Pour en revenir à Pompée, Corneille s'est appuyé sur de nombreuses sources historiques, et tout particulièrement Lucain et Plutarque. le sujet a donné lieu à plusieurs pièces avant lui, et il en connaissait sans doute certaines. La pièce paraît à un moment historique sensible, le cardinal de Richelieu meurt en 1642, la pièce a donc sans doute été écrite après sa mort. Certains exégètes ont donc voulu y voir une attaque contre le cardinal. Il semble très difficile de trancher, et à la limite, ce n'est pas forcément très important, l'essentiel étant à mon sens la pièce elle-même, sa consistance et charge dramatique.

Nous sommes en l'an -48, Pompée vient d'être défait à la bataille de Pharsale par Jules César, il veut se réfugier en Egypte. La pièce commence à ce moment. Les conseillers de Ptolomée, roi d'Egypte, lui proposent de tuer Pompée, pour s'attirer les faveurs du nouveau maître. Ptolomée les écoute. Pompée est invitée à terre, et assassiné. Un serviteur fidèle brûle comme il le peut son corps. L'intrigue est compliquée par Cléopâtre, qui lutte avec Ptolomée pour le trône. Elle est contre la mort de Pompée, et elle a déjà une intrigue amoureuse avec Jules César. César montre de l'indignation à la vue de la tête de Pompée qu'on lui présente, il l'a fait remettre à la veuve, Cornélie, pour une cérémonie funéraire plus digne que la précédente. Ptolomée, inquiet, envisage un coup de force contre les Romains, et le meurtre de Jules César. L'intrigue est dénoncée par Cornélie, et les Romains sont vainqueurs, Ptolomée meurt courageusement, et Cléopâtre peut s'emparer du trône et vivre son amour avec Jules César. Cornélie part continuer la lutte.

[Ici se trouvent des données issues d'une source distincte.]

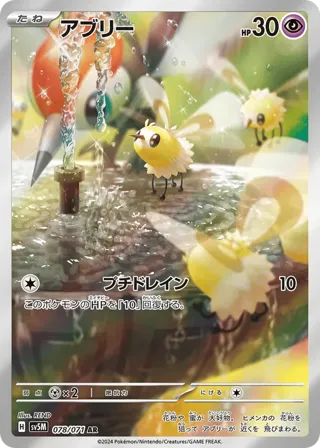 Cutiefly - 078/071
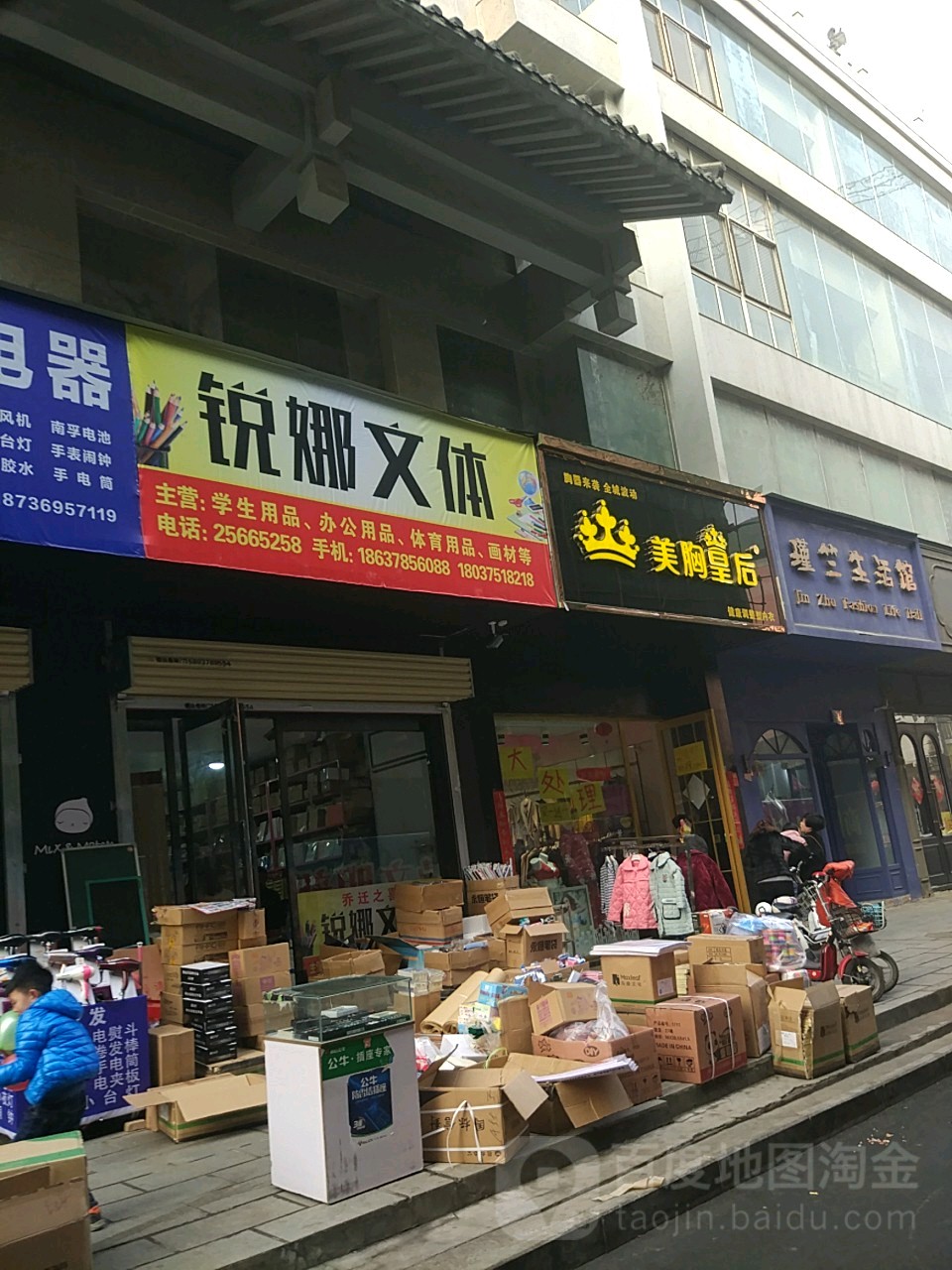 美胸皇后内衣店(寺后街店)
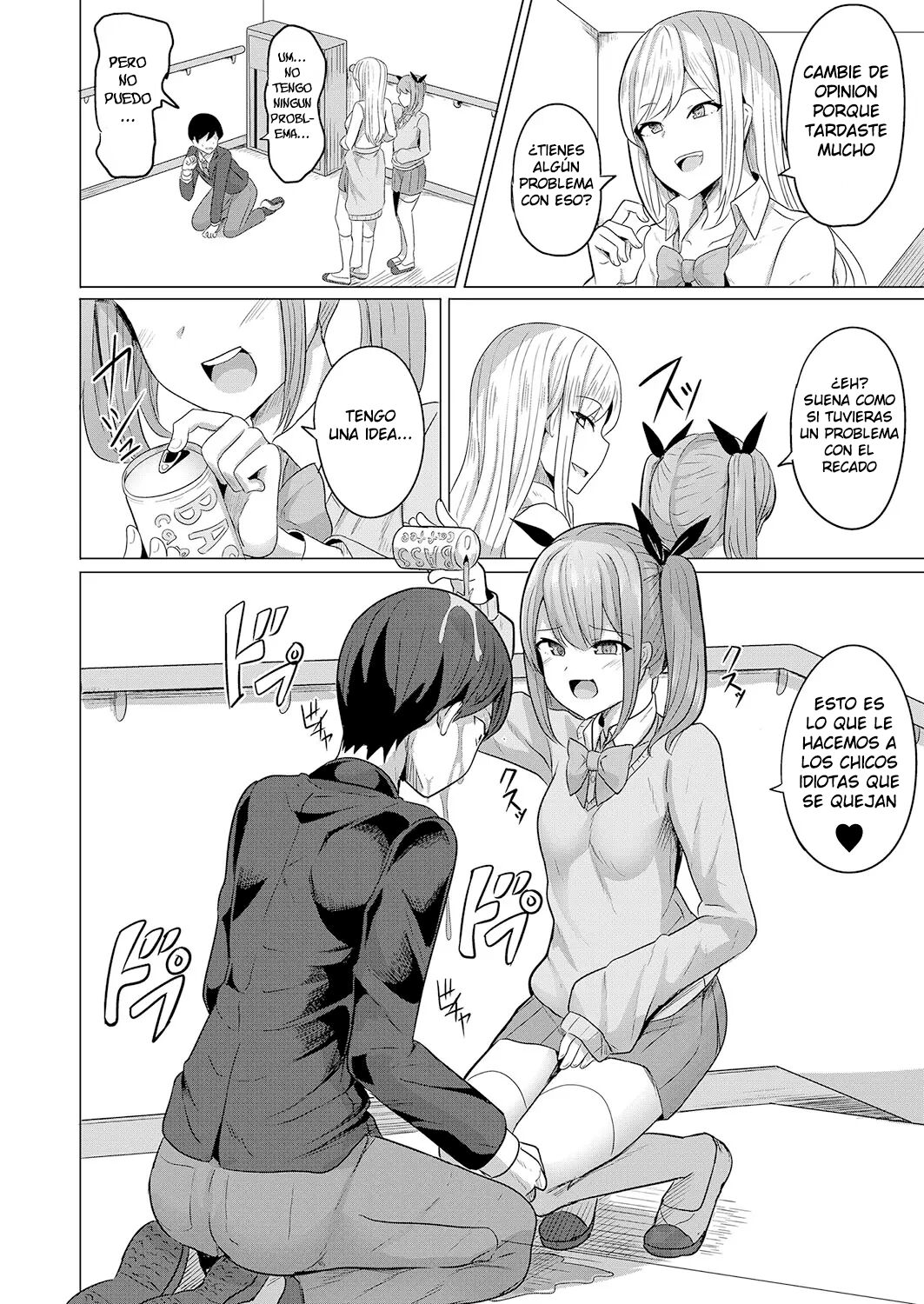 [Yasuhiro] Hypno Revenge Ch. 1 (COMIC Shingeki 2022-08) [Spanish] [Digital] [DouFansub] 이미지 번호 3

Une pièce très puissante. le tout début, avec la description des restes de la bataille, des cadavres, des horreurs, des morts, est saisissant. Tout comme la mort de Pompée. le personnage de Jules César, tout en ambiguïtés, entre opportunisme politique, et une vertu affichée, est étonnant. Ptolomée, cauteleux, voulant mener double jeu, et facile à manipuler pour ses conseillers, est aussi un personnage intéressant. Cléopâtre, bien moins vénéneuse et sensuelle que ce que l'on attendrait, en paraît presque pâle, les aspects les plus potentiellement choquants ont été soigneusement édulcorés ou passés sous silence, elle est au final une bonne reine vertueuse, qui veut sauver Pompée, puis son frère, et qui aime véritablement Jules César. Elle introduit une galanterie un peu fade dans une pièce par ailleurs d'une grande violence et cruauté. Mais cela demeure fort.